Sean C. Morgan
Of The New Era
Some 80 families showed up Thursday night to learn about the Gear Up program, which will provide about $40,000 per year to this year’s seventh-graders to help them get ready for college.
About 193 attended the pizza dinner and family night, Gear Up Coordinator Kristin Adams said.
“I feel good. I was very pleased with the turnout last night,” she said.
Adams said there is still opportunity for seventh-graders to get involved in the program even if they didn’t attend the event.
Gear Up, operating on a $40,000 annual federal grant with matching in-kind and staff time from School District 55, will work with this year’s seventh-grade students, the Class of 2014, in an effort to increase the number of students graduating from high school and moving on to college.
“There will be a variety of activities provided directly to your students,” Adams told parents Thursday night. Sweet Home is one of 12 Oregon districts receiving the funding.
Sweet Home often has low numbers of students who attend a four-year college after high school, according to district officials.
Students finishing the program will have an opportunity to win four years worth of scholarships to help pay for college, one of the major obstacles to students continuing on.
Principal Hal Huschka explained that he wants to change the culture in Sweet Home, so families understand that their children can go to college.
Adams said that the scholarships are limited – the district currently has 13 available at $4,000 per year – but the district could decide to increase the number of awards and decrease the individual amounts given out.

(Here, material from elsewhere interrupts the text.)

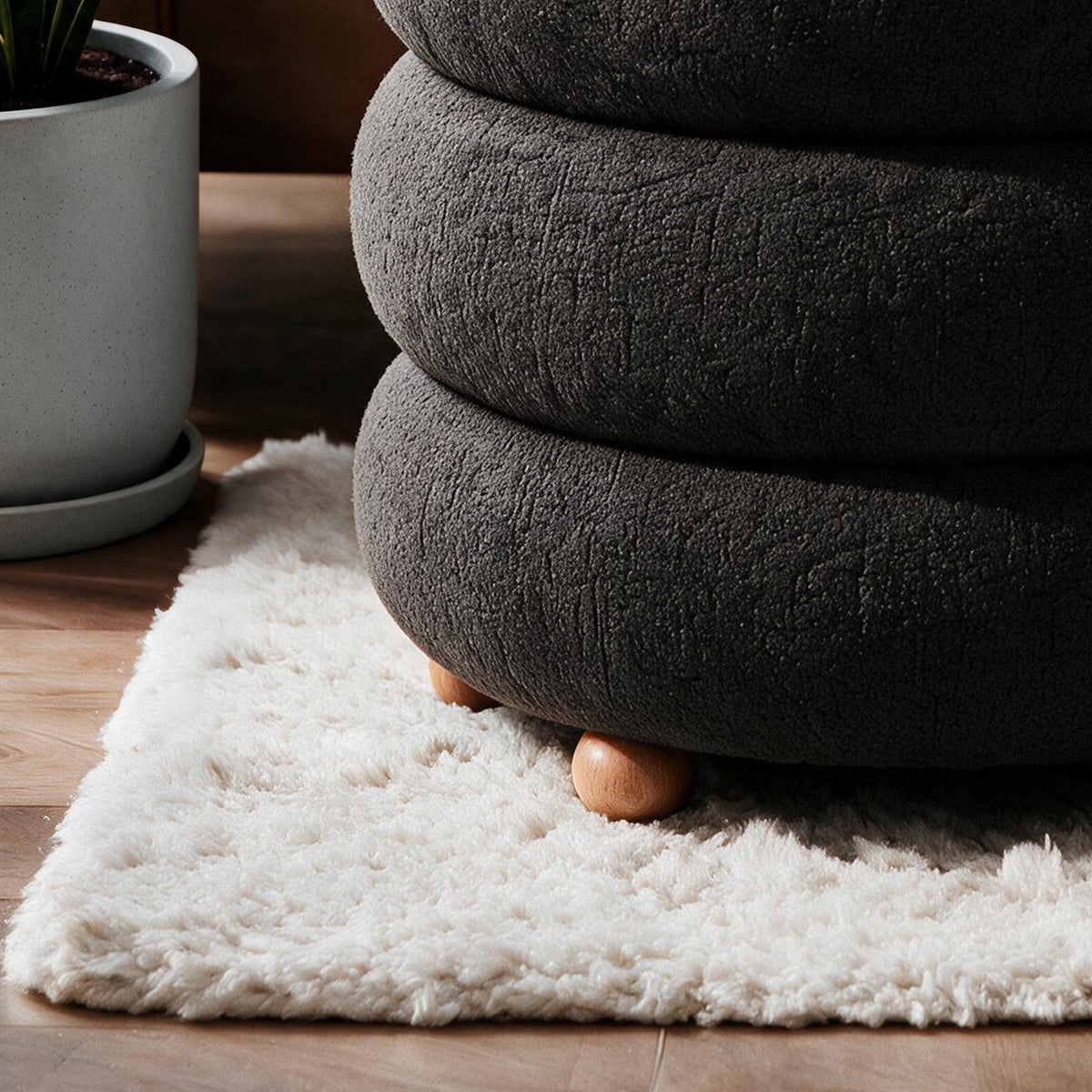Dunkelgrauer Pouf Ottavia von Hanah Home mit gestricktem Polyesterbezug, Holzkugelfüssen und verborgenem Stauraum unter der Sitzfläche.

“My hope is that people focus on the educational opportunities that are going to be available to their children over the next six to 10 years,” she said.
Rather than focusing on the scholarships, she said, students should focus on the opportunities that will arise from having $40,000 per year following the class.
“A lot can happen in those six years,” Adams said. By the time they finish, those students will have good ideas how to get into and through college, and they will have a better idea what to expect and what to do when they get there.
Students can get involved at any time, she said. Signups for the Gear Up Club are this week, and to get into the eighth-grade “college 101” class next year, students will have to participate in the club.
At this age level, the goal is mainly to get students interested in the word “college,” she said. “They’re going to talk about college life, the different types of colleges out there.”
They’ll talk about their various personal interests and start matching those up with careers and the appropriate schools to get into those careers, Adams said. Mentoring will be a major part of the program “to open the conversation that it is possible (to reach and attend college). It’s not a dream. It’s a plan.”